Re: [PATCH v4] RISC-V: Show accurate per-hart isa in /proc/cpuinfo

From: Andrew Jones
Date: Sat Aug 26 2023 - 04:02:17 EST


On Fri, Aug 25, 2023 at 03:51:28PM -0700, Evan Green wrote:
> On Fri, Aug 25, 2023 at 1:16 AM Andrew Jones <ajones@xxxxxxxxxxxxxxxx> wrote:
> >
> > On Thu, Aug 24, 2023 at 03:06:53PM -0700, Evan Green wrote:
> > > On Thu, Aug 24, 2023 at 10:29 AM Conor Dooley <conor@xxxxxxxxxx> wrote:
> > ...
> > > > Do you want to have this new thing in cpuinfo tell the user "this hart
> > > > has xyz extensions that are supported by a kernel, but maybe not this
> > > > kernel" or to tell the user "this hart has xyz extensions that are
> > > > supported by this kernel"? Your text above says "understood by the
> > > > kernel", but I think that's a poor definition that needs to be improved
> > > > to spell out exactly what you mean. IOW does "understood" mean the
> > > > kernel will parse them into a structure, or does it mean "yes you can
> > > > use this extension on this particular hart".
> > >
> > > I'm imagining /proc/cpuinfo being closer to "the CPU has it and the
> > > kernel at least vaguely understands it, but may not have full support
> > > for it enabled". I'm assuming /proc/cpuinfo is mostly used by 1)
> > > humans wanting to know if they have hardware support for a feature,
> > > and 2) administrators collecting telemetry to manage fleets (ie do I
> > > have any hardware deployed that supports X).
> >
> > Is (2) a special case of (1)? (I want to make sure I understand all the
> > cases.)
>
> More or less, yes.
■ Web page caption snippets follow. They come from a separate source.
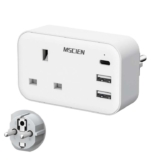 Mscien 2 Pack UK to European Plug Adapter with USB-C, EU Travel Plug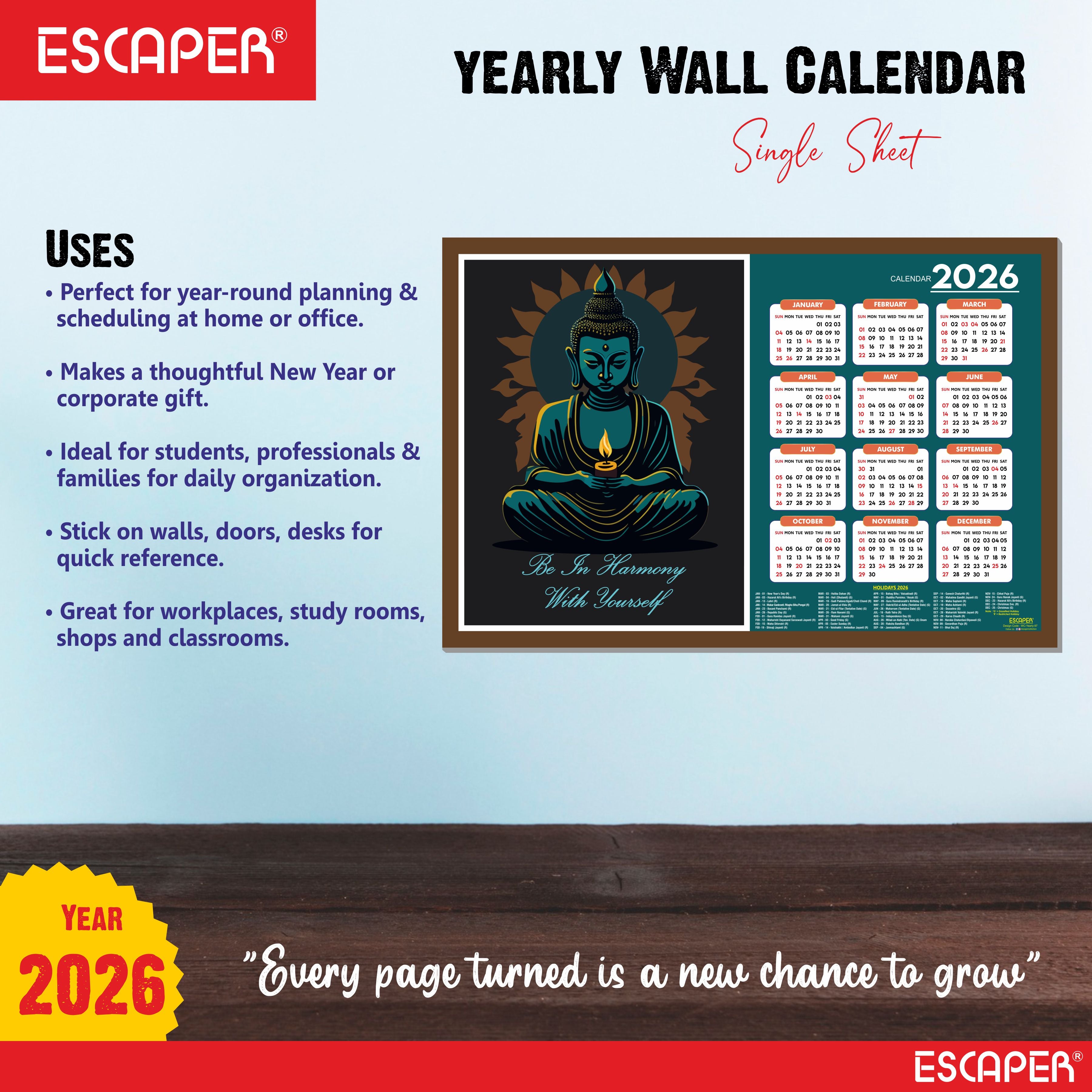 Buddha Yoga Wall Calendar 2026 hanging Decoration (12 x 18), Meditation Wall Calendar 2026 hanging, Yogasana Charts, Asana Chart, Yoga Poses, Meditation Chakras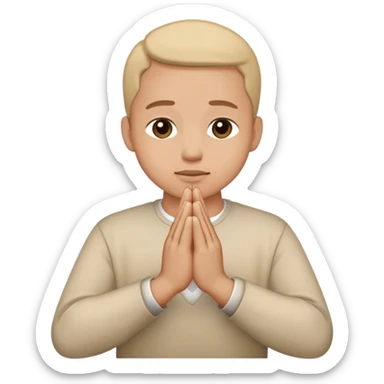 hands clasped in prayer sticker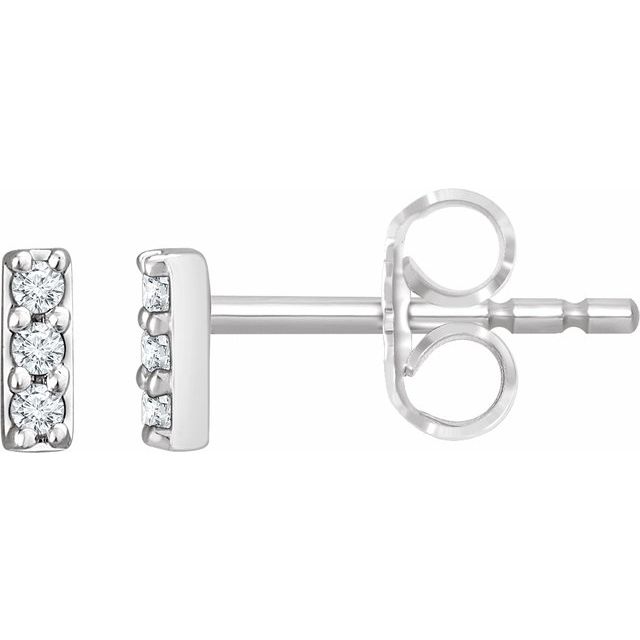 14K Yellow .05 CTW Lab-Grown Diamond Bar Earrings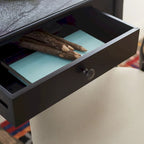 Bureau classique 1 tiroir avec pieds tournés et plateau marron foncé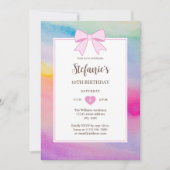 Rainbow Waterverf Roze Bow Meisje Verjaardagsfoto Kaart (Voorkant)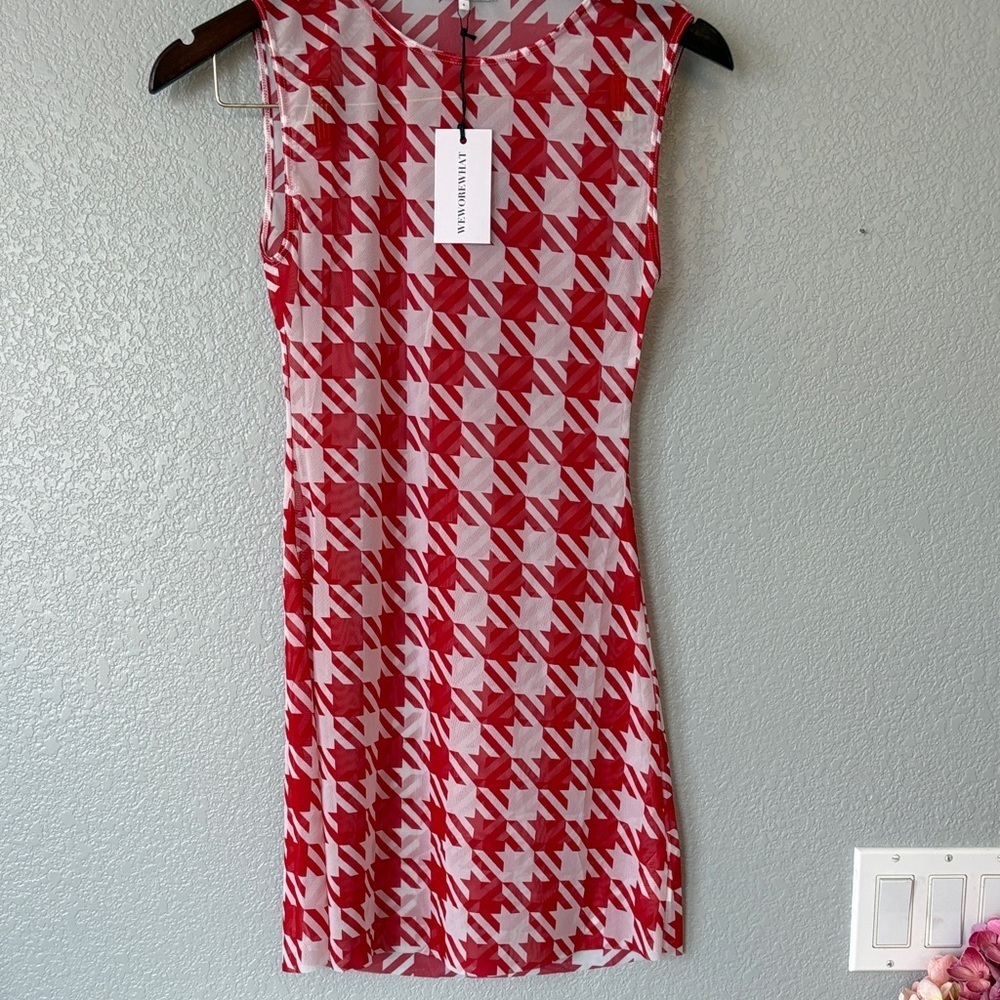 WeWoreWhat Red and White Houndstooth Mini Dress- Knit Muscle Dress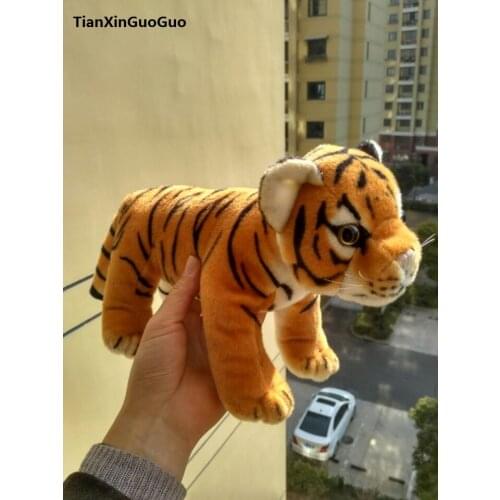 About 30x20cm lovely baby tiger plush toy cartoon standing yellow tiger soft doll baby toy ,birthday gift b2828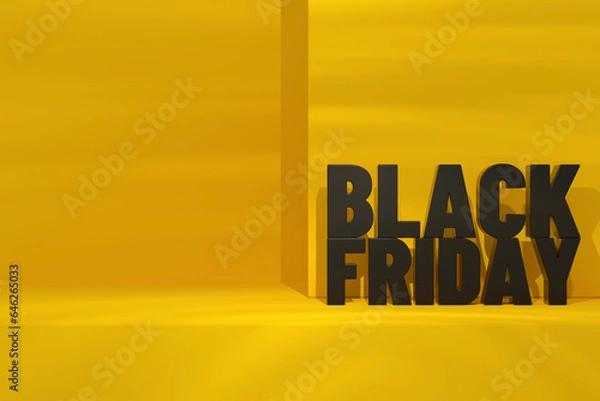 Obraz Black Friday Concept Yellow Background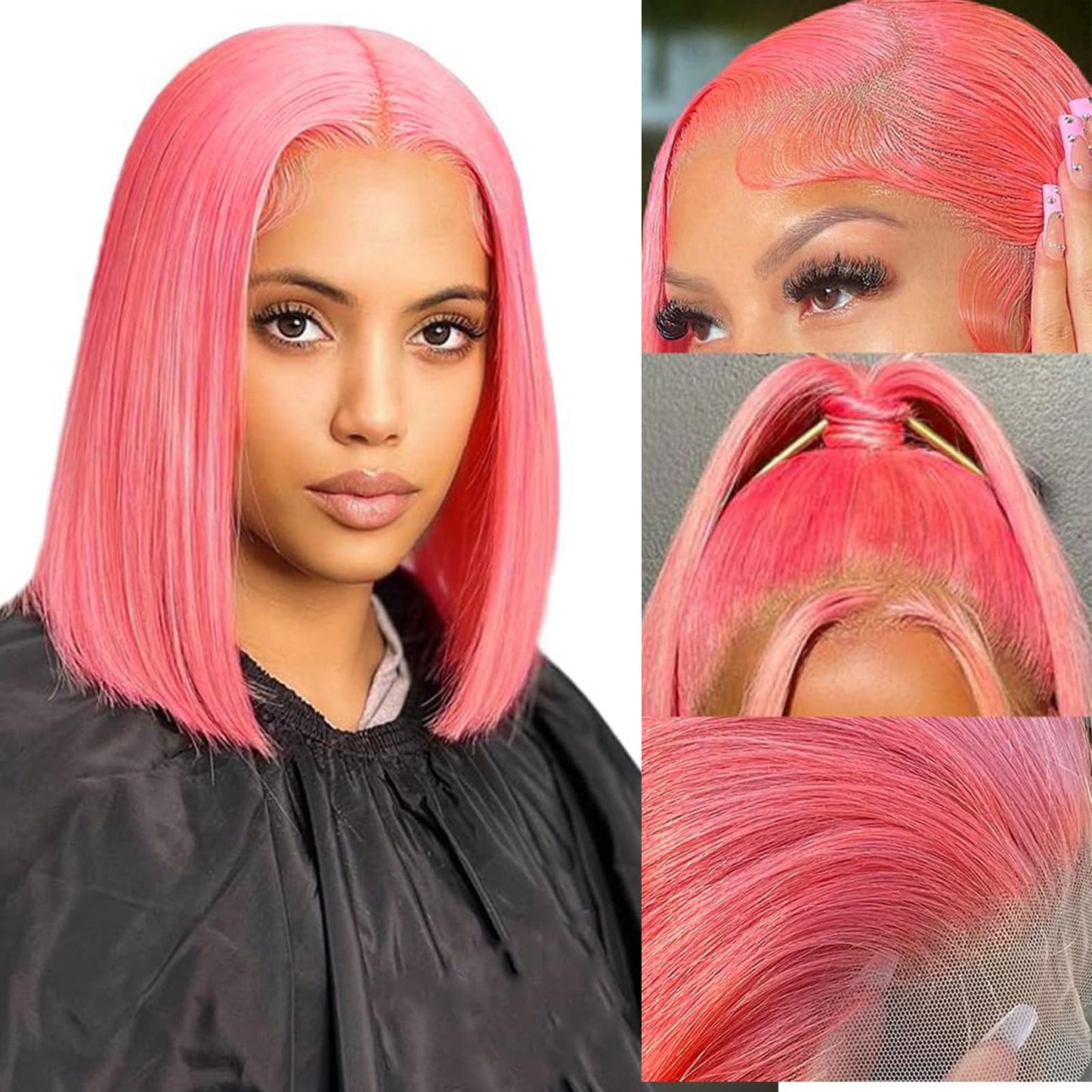 FJsuprise Pink Lace Front Bob Wigs Human Hair Pre Plucked 13x4 Straight Pink Bob Wigs Glueless HD Lace Frontal Bob Wigs for Black Women Wear and Go Bob Wigs with Baby Hair 180% Density 12 Inch
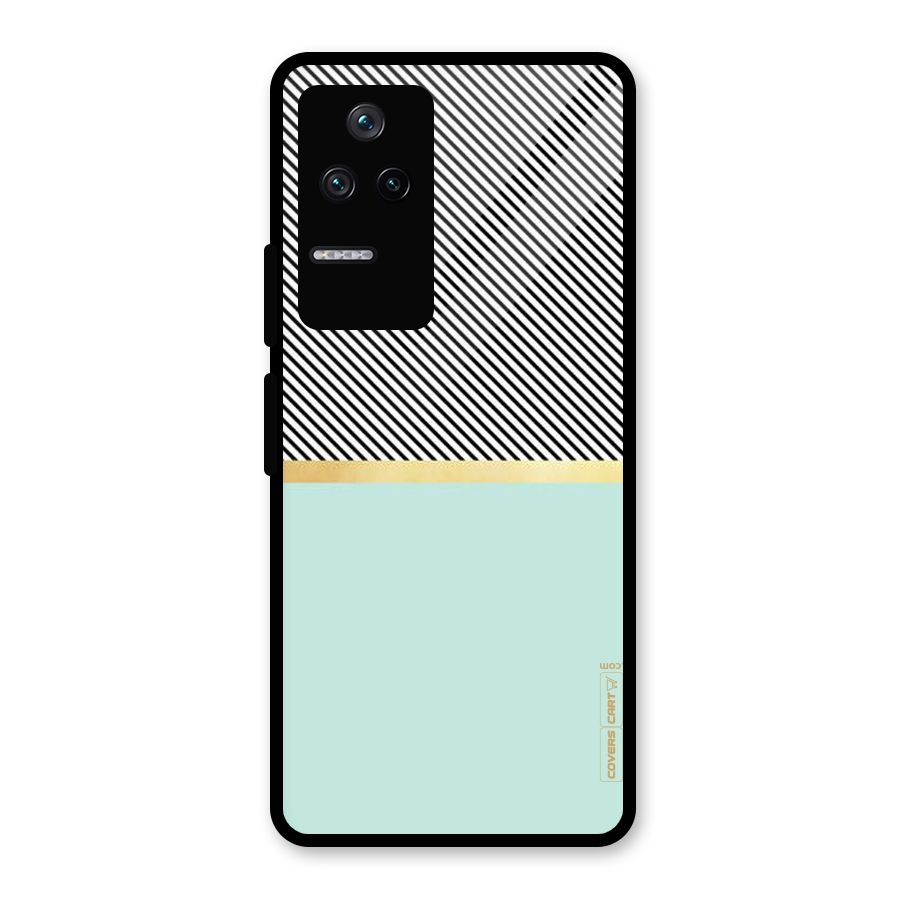 Pastel Green Base Stripes Glass Back Case for Poco F4 5G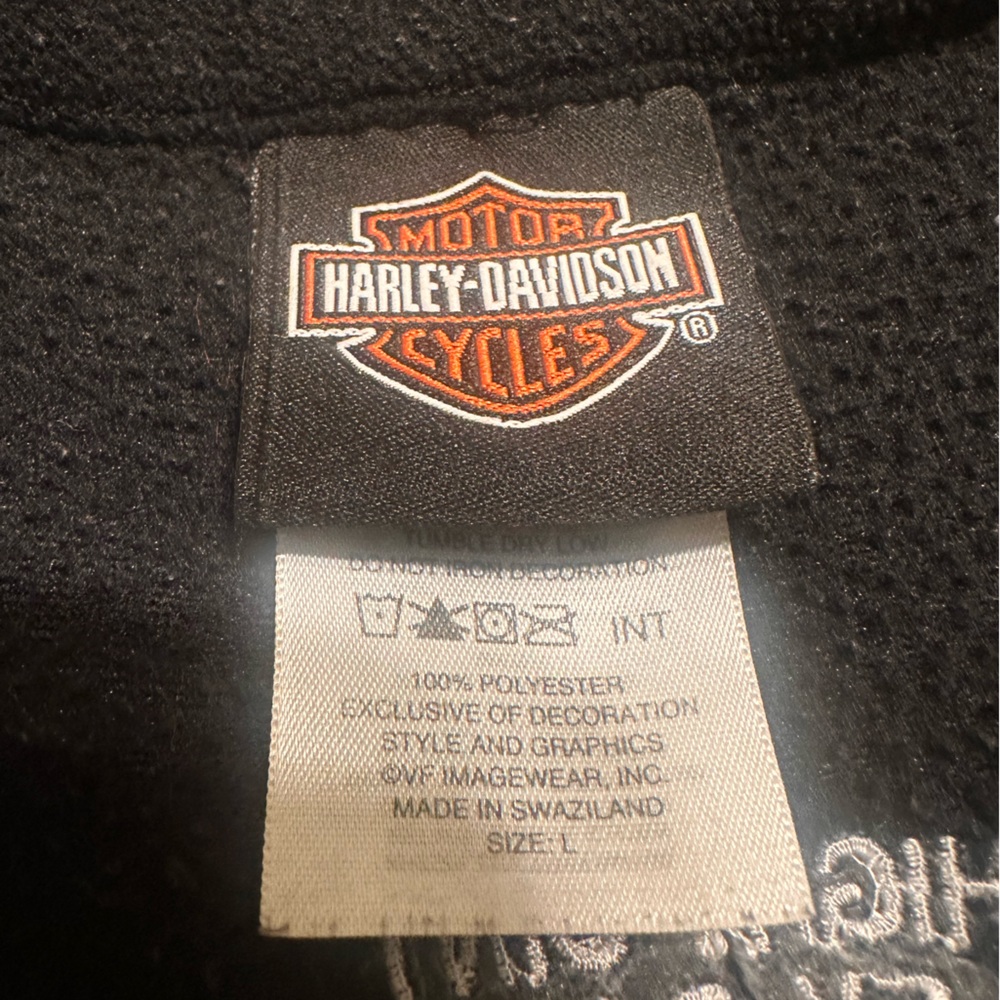 Harley Davidson Black and Cream Half-Zip Pullover Size Large - Picture 8 of 8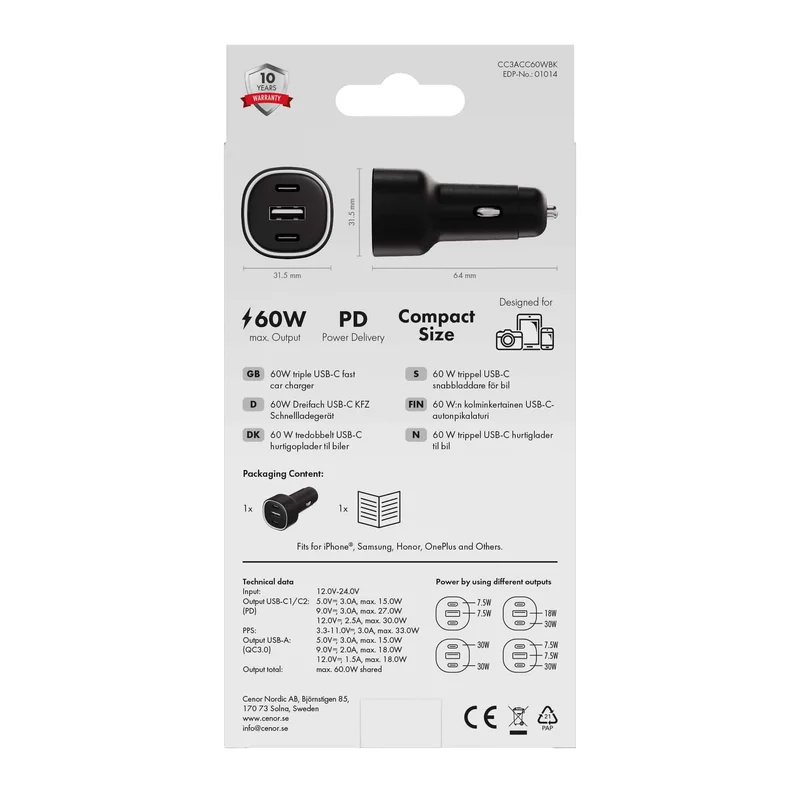 X2O 60W tredobbelt billader USB-C/C/A sort - 3401014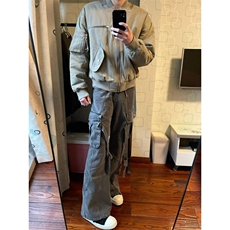 美式复古工装水洗帆布夹克外套男春秋JKG01N特P75，男装夹克，星座1007（原301D）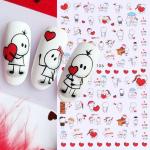 6PCS Cute 3D Valentine’s Day Nail Art Stickers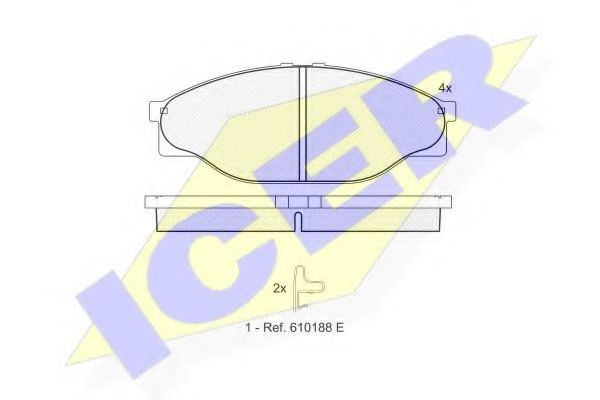 ICER - 141010 - Комплект тормозных колодок, дисковый тормоз (Тормозная система)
In bucket two are also folks wondering things like
> "are all these crash reports I'm getting specific to machines with X".
>
> >
> > > Programmers looking to
> > > see "is the kernel support for this feature ready right now" would
> > > ideally not be parsing /proc/cpuinfo text, as more direct mechanisms
> > > like specific hwprobe bits for "am I fully ready to go" would be
> > > easier to work with. Feel free to yell at me if this overall vision
> > > seems flawed.
> > >
> > > I tried to look to see if there was consensus among the other
> > > architectures. Aarch64 seems to go with "supported and fully enabled",
> > > as their cpu_has_feature() directly tests elf_hwcap, and elements in
> > > arm64_elf_hwcaps[] are Kconfig gated. X86 is complicated, but IIRC is
> > > more along the lines of "hardware has it". They have two macros,
> > > cpu_has() for "raw capability" and cpu_feature_enabled() for "kernel
> > > can do it too", and they use cpu_has() for /proc/cpuinfo flags.
> > >
> >
> > I'd lean more towards the way AArch64 goes, because, unless /proc/cpuinfo
> > is just a blind regurgitation of an isa string from DT / ACPI, then the
> > kernel must at least know something about it. Advertising a feature which
> > is known, but also known not to work, seems odd to me. So my vote is that
> > only features which are present and enabled in the kernel or present and
> > not necessary to be enabled in the kernel in order for userspace or
> > virtual machines to use be advertised in /proc/cpuinfo.
> >
> > We still have SMBIOS (dmidecode) to blindly dump what the hardware
> > supports for cases (1) and (2) above.
>
> Yeah, there's an argument to be made for that. My worry is it's a
> difficult line to hold. The bar you're really trying to describe (or
> at least what people might take away from it) is "if it's listed here
> then it's fully ready to be used in userspace". But then things get
> squishy when there are additional ways to control the use of the
> feature (prctls() in init to turn it on, usermode policy to turn it
> off, security doodads that disable it, etc). I'm assuming nobody wants
> a version of /proc/cpuinfo that changes depending on which process is
> asking. So then the line would have to be more carefully described as
> "well, the hardware can do it, and the kernel COULD do it under some
> circumstances, but YMMV", which ends up falling somewhat short of the
> original goal. In my mind keeping /proc/cpuinfo as close to "here's
> what the hardware can do" seems like a more defensible position.
> -Evan

I agree with that. I was actually even trying to say the same thing,
but only by bringing up virtual machines. Once we decide we'll expose
extensions to VMs, whether or not the host kernel enables them, then
none of the other host kernel configurations matter with respect to
advertising the feature, since the guest kernel may have a completely
different set of configurations.

So I think we should only be filtering out extensions that are disabled
because they're broken (have a detected erratum), have been "hidden"
(have a kernel command line allowing them to be treated as if not
present), or cannot be used at all due to missing accompanying hardware
descriptions (such as block size info for CBO extensions). In all cases,
I presume we'd wire checks up in riscv_isa_extension_check() and no
checks would be gated on Kconfigs or anything else. And, since
/proc/cpuinfo gets its list from the bitmap that's already filtered by
riscv_isa_extension_check(), then, long story short, we're good to go :-)

But maybe we can try to spell that policy out a bit more in
Documentation/riscv/uabi.rst.

Thanks,
drew